En 2022, il sort un album solo (self-titled), preuve que Mumford and Sons n’est pas qu’une extension de sa personnalité. Il y dévoile surtout une part plus intime de sa vie. Le premier morceau, « Cannibal », révèle avec une émotion brute le secret qu’il portait depuis près de trois décennies : l’agression sexuelle qu’il a subie à l’âge de six ans.
Depuis quelques années, peut-être depuis le confinement, les concerts attirent un public de plus en plus nombreux (+10 % par an). On sent que les spectateurs viennent autant pour la musique que pour la fête collective. Et Mumford and Sons l’a parfaitement compris. Dans une salle comble et déjà brûlante, le groupe fait une entrée simple mais efficace.
Les trois membres se placent en front de scène, épaulés à l’arrière par un guitariste flamboyant, un banjoïste, un batteur et une section cuivre de trois musiciens. Après une intro au banjo dans le noir, la fête démarre avec « Run Together », un single inédit. Porté d’abord comme une ballade anglaise chantée à trois dans la pénombre, le morceau explose soudain en dévoilant toute la puissance de l’orchestre. La salle s’embrase et ne se calmera plus.
Ils enchaînent sur « Babel », puis « Rushmere ». Pendant ce dernier, une structure métallique ornée d’oiseaux et de cœurs descend du plafond tandis que la scène s’illumine des mêmes motifs. Le light show accompagne tout cela par touches subtiles, et les écrans retransmettent le concert en sépia, instillant une ambiance oldy très réussie. Tout est pensé avec goût et sens artistique.
Marcus et Ben échangent avec le public, s’excusant pour leur français scolaire et rappelant leur plaisir constant de jouer à Paris. Marcus se risque même à un « je hais l’équipe de football française », déclenchant des huées amusées.
Puis arrivent un « Little Lion Man » magistral, démonstration de la qualité de l’orchestre, et « Hopeless Wanderer », repris en chœur par toute la salle. L’occasion rêvée d’évaluer le pourcentage d’Anglais présents.

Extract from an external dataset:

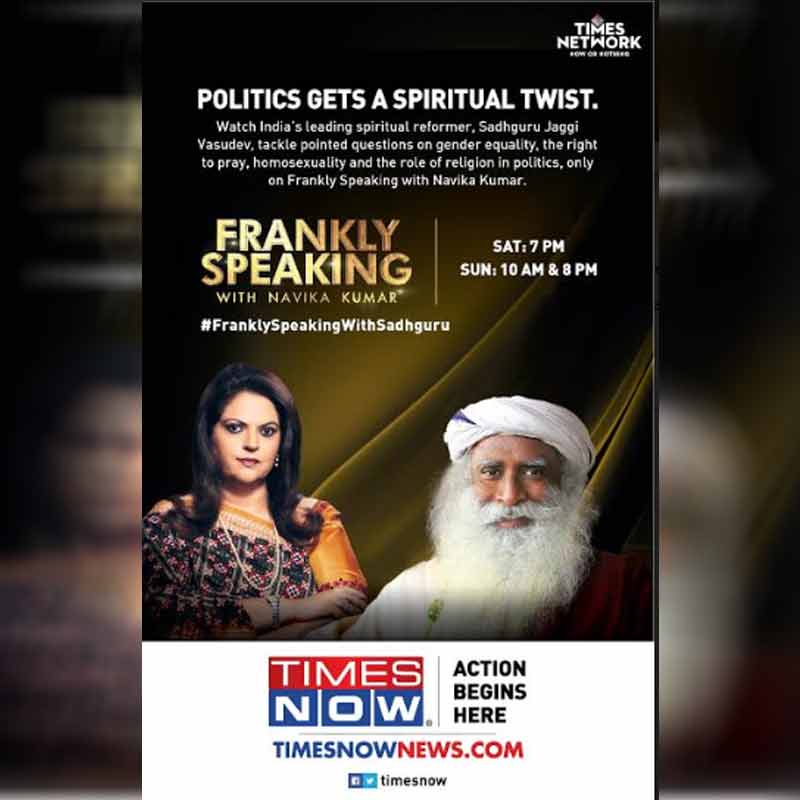 Spirutual Leader Sadhguru on Frankly Speaking with Navika Kumar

Sur « Lover of the Light », Marcus confirme son statut de multi-instrumentiste en chantant… depuis la batterie, aussi convaincant qu’un Phil Collins.
Le set se poursuit avec plusieurs titres du futur album et un « Truth » très rock. Le groupe disparaît ensuite pour réapparaître sur une petite scène au fond de la salle. Accompagnés du seul banjo, ils interprètent trois titres, dont le superbe « Caroline », révélant toute la finesse vocale de Marcus.
De retour sur la scène principale, ils lancent un « Ditmas » déchaîné. Marcus descend alors dans la fosse, transformée en forêt de téléphones, continuant de chanter sous la protection approximative de ses agents de sécurité. Impossible de ne pas penser aux bains de foule de Florence Welch. Marcus aime le public, et il le dit avec une sincérité désarmante.
Après « The Wolf », accompagné d’une pluie d’étincelles tombant du plafond, le groupe prend une courte pause avant de revenir pour cinq titres supplémentaires, dont un « I Will Wait » survolté. Ils terminent avec une chanson du futur album, « Conversation With My Son (Gangsters & Angels) », dédiée au fils de Marcus, laissant le public conquis… et épuisé.
Ce concert l’a confirmé : à l’aise dans le folk anglais comme dans le bluegrass ou le rock, Mumford and Sons donne corps à son ambition de devenir l’un des acteurs majeurs de la scène britannique. Leur générosité et le contact avec le public sur scène font un bien fou et prolongent idéalement la qualité de leurs albums. On attend Prizefighter avec impatience.